Attenborough's not a comedy version of his typical teen crook characters like the one in Brighton Rock. He plays Percy Boon perfectly straight and his getting caught up in double crossing a car thief has complete sincerity and sense of threat. His heart is vulnerable in two ways--he loves his bedridden mother and desperately wants to woo pretty Doris (Susan Shaw) who lives downstairs with her parents.
Everyone in the building is an important character to the story which is emphasised with the film's introduction which tracks the camera over windows from the exterior to show the different lives in each flat and introduce each character. Doris' father (Wylie Watson) has just retired from a long career and is a meek and industrious man, dominated a bit by his humourless wife (Fay Compton). There's also an older woman who's always late on rent and begging people for money and a strict but somewhat naive landlady named Kitty (Joyce Carey).
Like most good films noir the film involves a murder, which we may get a hint of when Alastair Sim shows up as Mr. Squales looking like Death itself.
He's not actually death, he's a medium, or rather a conman pretending to be one, and poor Kitty falls for him hook, line, and sinker, and soon he's living there rent free.
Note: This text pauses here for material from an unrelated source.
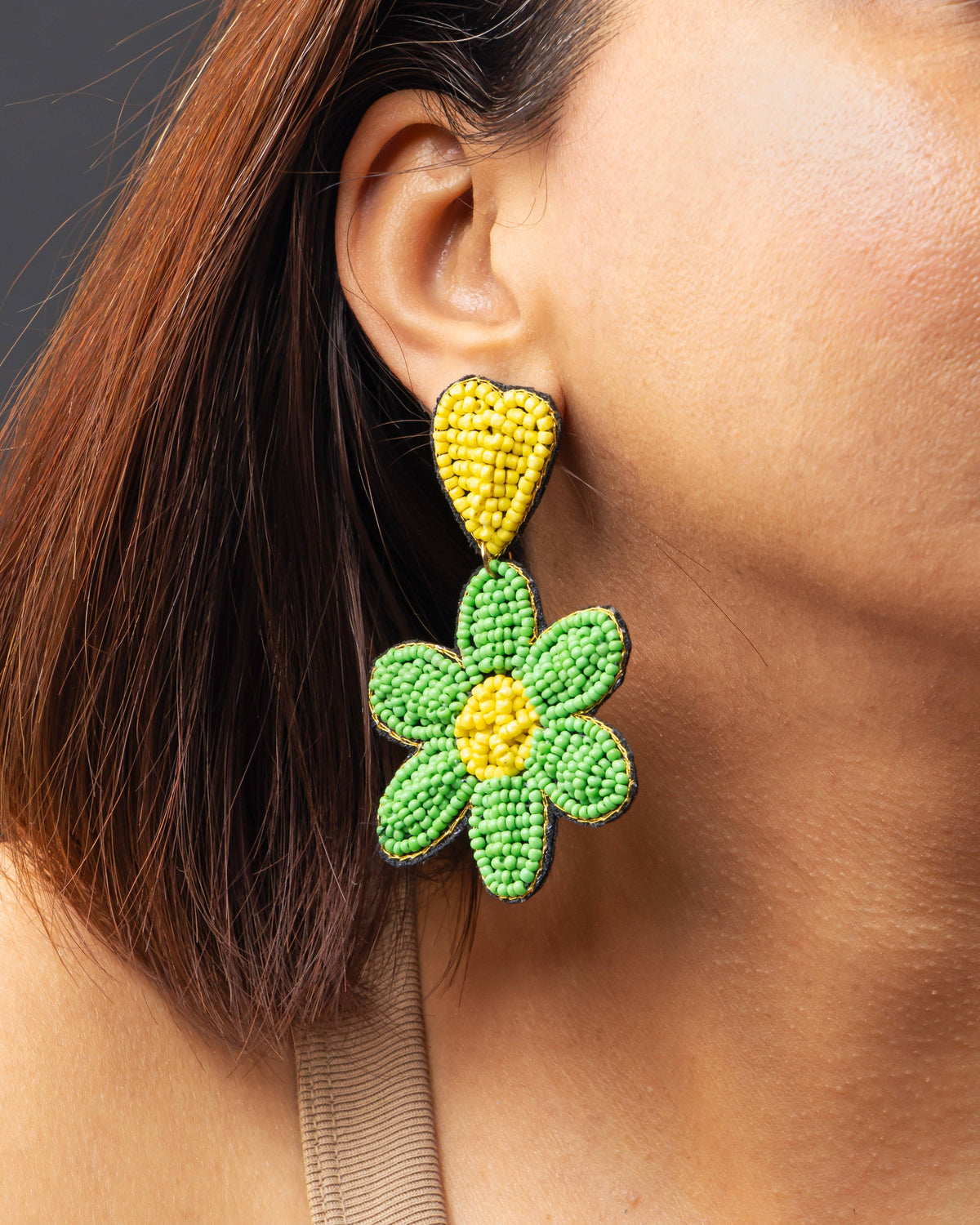 Green Floral Earrings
He's also there when Percy comes home late one night and is the sole witness to something dreadful.
Like Brighton Rock or They Live by Night, the film features the 1940s conception of the troubled youth, who seems to helplessly slide from one crime to another as part of a desperate scheme to find love and acceptance. This is nicely accompanied by the vibrant rendering around him of a complex and charmingly human community of people each with their own issues--it's not unlike Shadow of a Doubt, like having an antihero in a Frank Capra movie.
The end of the film is a bit muddled and disappointing though it has an interesting courtroom scene with an argument among jurors that seems to imply Britain had no concept of manslaughter in its laws at the time. It also lacked a crucial scene at the end to show a character's reaction to an outcome of the film's love triangle--Percy, Doris, and the cop who investigates Percy's crime. In attempt to wrap things up neatly, the film creates a lot of problems, but everything that precedes the end is well worth watching.
Twitter Sonnet #811
The signs of transport came with falling stones.
An empty hand withheld the trim arrest.
Opaque adhesive pinned a pebble's bones.
Distracted courts of finches flew abreast.
A blank receipt replaced the bill at cost.
The radiance diffused upon the tide.
Alone, the crimson apple's never lost.
But ripples run through seas both strange and wide.
A whitened spring through mazes black as night
Atop the bright inspectors coughed for breath.
The sand was stuck in ancient grooves of right.
A vain invasion passed the watchful death.
Tripped ankles spring compound forage.
Impositions requisition knowledge.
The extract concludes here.